Andy Stevens

Personal information
- Born: Andrew Michael Stevens December 4, 1987 (age 38) Arcadia, California
- Height: 6 ft 3 in (1.91 m)

Sport
- Country: United States
- Sport: Water Polo
- Turned pro: 2011

= Andy Stevens (water polo) =

American water polo player (born 1987)

Andrew Michael Stevens (born December 4, 1987) is an American water polo goalkeeper. While playing at Loyola Marymount University, Los Angeles, he was a four-time All-American. Previously he played for the United States Men's National Team, and most recently competed for Team USA at the 2013 FINA World Championships.

== Career ==

=== High school ===

Stevens played water polo at Villa Park High School in Orange County from 2002 to 2005. In 2004 and 2005, he was named to the California-Hawaii All-America first team and in 2005 was also OC Registers All-Orange County Team Goalkeeper.

=== College ===

Stevens then went to Loyola Marymount University, where he redshirted the 2006 season.

In 2007, he started 28 games as goalkeeper and had a 7.8 goals against average he finished the season as Honorable Mention All-American, the Western Water Polo Association (WWPA) Newcomer of the Year including All-WWPA Honorable Mention, WWPA All-Tournament second-team and LMU Athletics' Male Newcomer of the Year.

The following year in 2008, he started 31 games, had a 7.15 goals against average, and was named to was named third-team All-American, first-team All-NCAA Tournament, the WWPA Player of the Year, first-team All-WWPA, MVP of the WWPA Tournament, first-team WWPA All-Tournament as well as LMU Male Athlete of the Year.

Stevens started 28 games in 2009. He had 321 saves and a 6.15 goals against average. Following the season, he was named Western Water Polo Association (WWPA) Player of the Year (Making him the first player in his programs history to earn back-to-back Player of The Year Honors), Third-Team All-American, First-Team WWPA All-Conference, WWPA Tournament MVP, First-Team WWPA All-Tournament, First-Team NCAA All-Tournament, LMU Male Co-Athlete of the Year.

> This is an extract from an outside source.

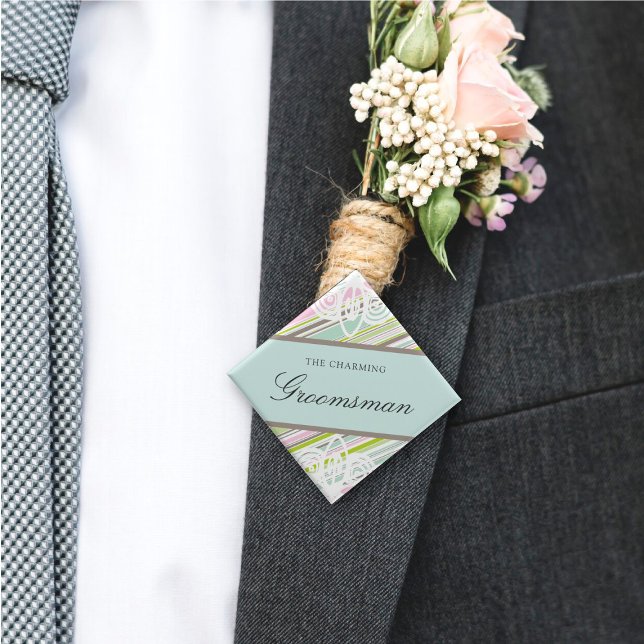 Chapa Cuadrada GROOMSMAN Sweet Garden Stripes Boda Etiqueta de no (GROOMSMAN Sweet Garden Pastel Stripes Chic Wedding Rehearsal Pin Button @ fatfatin)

In 2010, in his last and final collegiate season he started 29 games, made 305 saves, and had a 6.41 goals against average. His performance helped LMU reach the NCAA Championships for the fourth year in a row. In his last year he finished the season as second-team All-American, first-team All-WWPA, WWPA Tournament MVP, first-team WWPA All-Tournament, and for the third year in a row he was the only goalkeeper to be named first-team NCAA All-Tournament.

He finished his college career with 1,232 total saves, setting a school record.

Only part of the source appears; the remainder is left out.